A bit of background to my main system choices. The world of audio recording and sound reproduction owes a huge amount to British innovation, often state funded, such as loudspeaker development by the BBC and ffrr recording by Decca (the latter to do with detecting German U-boats). One of the truly revered names is Quad’s PJW, a Londoner whose work on loudspeakers was also funded by Ministry of Supply during WWII, designer of the Quad II (still in production 60 years later), the first commercial full range electrostatics (ESL57), Class A current dumping amplifiers and the 33/303 transistor amplifier. The 33/303 was first reviewed by ‘Gramophone’ in 1967 when reviews were on measurement rather than listening. The first thing the reviewer had to do was go out and spend £400 on new test equipment that was sensitive enough to measure its distortion. The ESL57 was adopted by the BBC for studio monitoring until it mostly used its own designs such as the LS3/5, the design being lead by Dudley Harwood, who joined in 1948 and founded Harbeth in 1977 with his HL-1. Alan Shaw took over Harbeth in 1986, designing all the products alone without a leader (that’s an English joke). Possibly the main development was the Radial driver in the early 1990’s, also with government support. Rumour has it that all Harbeth speakers have been designed with a Quad 50 pro amplifier, but it’s only a rumour.
British Audio still seems to have a proliferation of small and financially questionable companies, dependent on export sales for survival.
So using Harbeth and Quad is a no-brainer. It’s about as honest an natural a sound as you can get. About 300,000 of the 405/606/909 amps were made, there are plenty around. I paid $750 for a Quad 909 stereo (160w into 8 ohms) and $1,650 for a pair of serviced Quad 909 mono blocks (300wpc into 8 ohms). A full service and recap is $150 and they come back like new.
In my main system I use the 909 mono’s with Harbeth SHL5+ (the 7th iteration of the HL-1, which Art Dudley recently described in his Stereophile review as “truthfully beautiful”) and in my office system the 909 stereo with Harbeth P3ESR (the latest version of their LS3/5a licensed design).

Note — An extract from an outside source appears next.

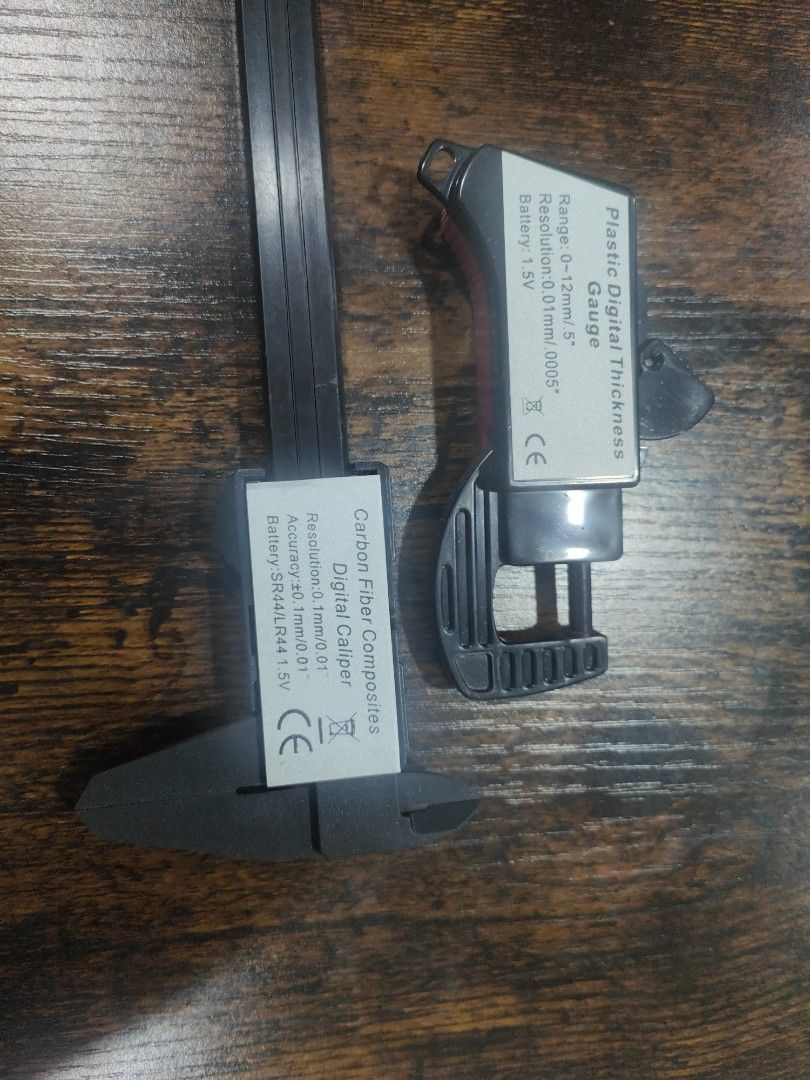 Digital Caliper & Gauge (Category: Everything Else) located in Singapore. Submitted by yayawong (Listing ID 1347226812, Image 3). Description: Selling away my used DIGITAL THICKNESS GAUGE & DIGITAL CALIPER. Selling in a pair. Interested pls contact Dave: 91131477. Thks.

The PWD Mk2 is the first standalone DAC I’ve ever bought and hopefully the last. It just delivers. I originally used a usb ripping/storage/server. Thanks to reading this forum, I’ve just bought the Auralic Aries Mini for my small system and immediately bought the Aries with external power supply for my main system. The Aries is an astonishingly good product. I bought a Mac Mini to implement the post/blog about building a server for $1,000, but I found the sound smeared. I recall reading that Mr McGowan’s Mac Mini has an external power supply. Paul Hynes is just up the road, but I didn’t face the hassle. All the digital music is on a QNAP connected with Airport Extreme and a few thousand of those round black plastic things. Most of the time I stream from Qobuz in CD or HD quality, a bit like Tidal but focussed on classical and not available in the USA (your loss, our gain). I also used the Mk2 very happily with Airplay via optical, not necessary with the Aries. I also use a $150 blu-ray via coaxial.